Nowadays, it is possible to have high-performance software-based network functions. This concept, known as Network Function Virtualization (NFV), enables us to run network functions on-demand and where they are needed. Another aspect of network softwarization is Software-defined networking (SDN), which separates data and control plane and a logically centralized controller controls data plane. The computer network enabled by SDN and NFV has unique and interesting challenges and opportunities. In these networks, network functions can be instantiated all over the network, and the flows are steered through them, which is known as service chaining.
In one branch of our work, we showed how jointly solving routing, and network function placement problem outperforms traditional placement solutions. Next step was designing a protocol for service chaining in these networks. Hence, we showed that efficient use of available information in the centralized controller makes the protocol more efficient with a reduces the number of messages and bits in the headers. Thus far, we had considered nodes as black boxes, but in the next branch of our work, we focused on each node. We proposed a solution for the architecture of a protocol-free software switch equipped with SmartNICs and the optimization of resources to carry out different tasks within each node.

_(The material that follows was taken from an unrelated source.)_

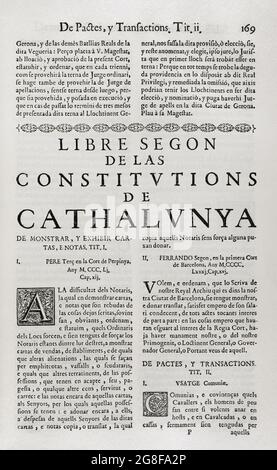 Constituciones y otros Derechos de Cataluña (Konstitutionen und andere Rechte Kataloniens), zusammengestellt aus den Corts von König Philipp IV. Erster Band. Gedruckt im Haus von Joan Pau Marti und Joseph Llopis Estampers, 1704. Zweites Buch. Über die Konstitutionen Kataloniens. Pere III. (1319-1387) 1351 vor den Gerichten von Perpignan. Fernando II. (1452-1516) im ersten Gericht von Barcelona im Jahr 1481. Historische Militärbibliothek von Barcelona, Katalonien, Spanien. Stockfoto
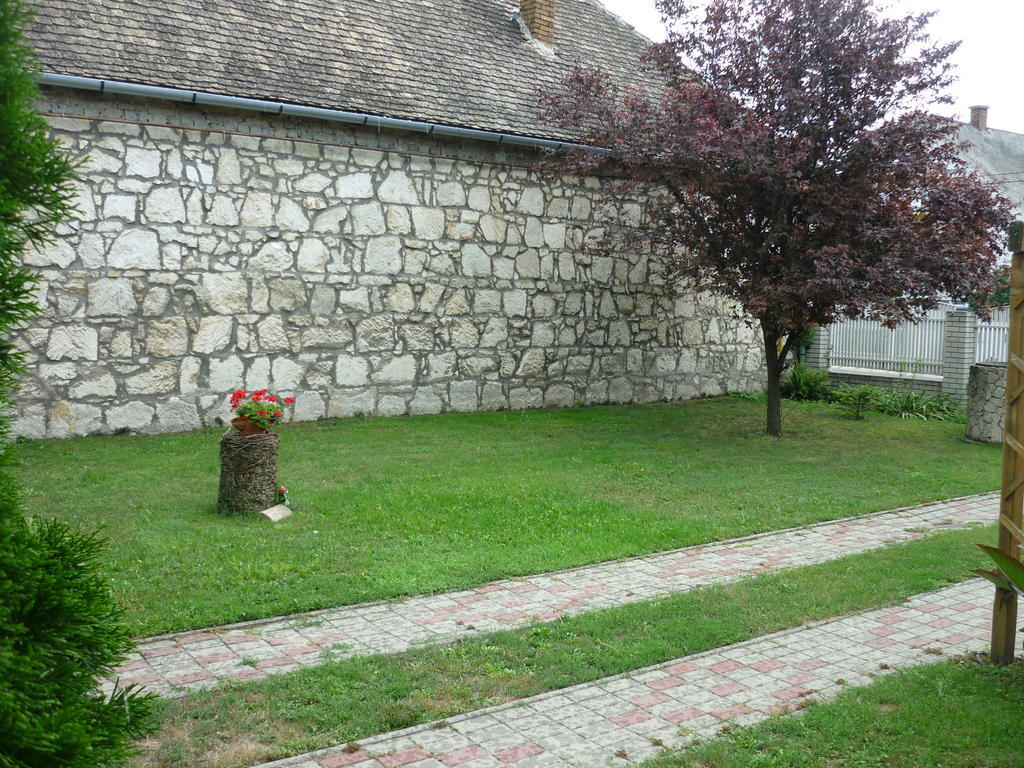 Falusi Vendeghaz Etyek Zewnętrze zdjęcie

Based on the lessons we learned in the projects above, we worked on the application of these technologies in the cellular domain. We proposed an NFV-based architecture and protocol for the cellular packet core. Our proposed architecture, CleanG, is simple, scalable, and efficient. In addition, in the CleanG protocol, the number of control messages exchanged is reduced dramatically, and packets are forwarded through more efficient tunneling. This reduction in messages lowers the delay and the load on control plane components, which increases the system capacity dramatically.
In conclusion, software-based networks provide a plethora of opportunities for the next generations of networks. However, to leverage them efficiently, we believe merely implementing hardware components as a software piece is not the answer. Thus, it is crucial to rethink the architecture and protocols, and the specific challenges and opportunities of software-based networks should be considered.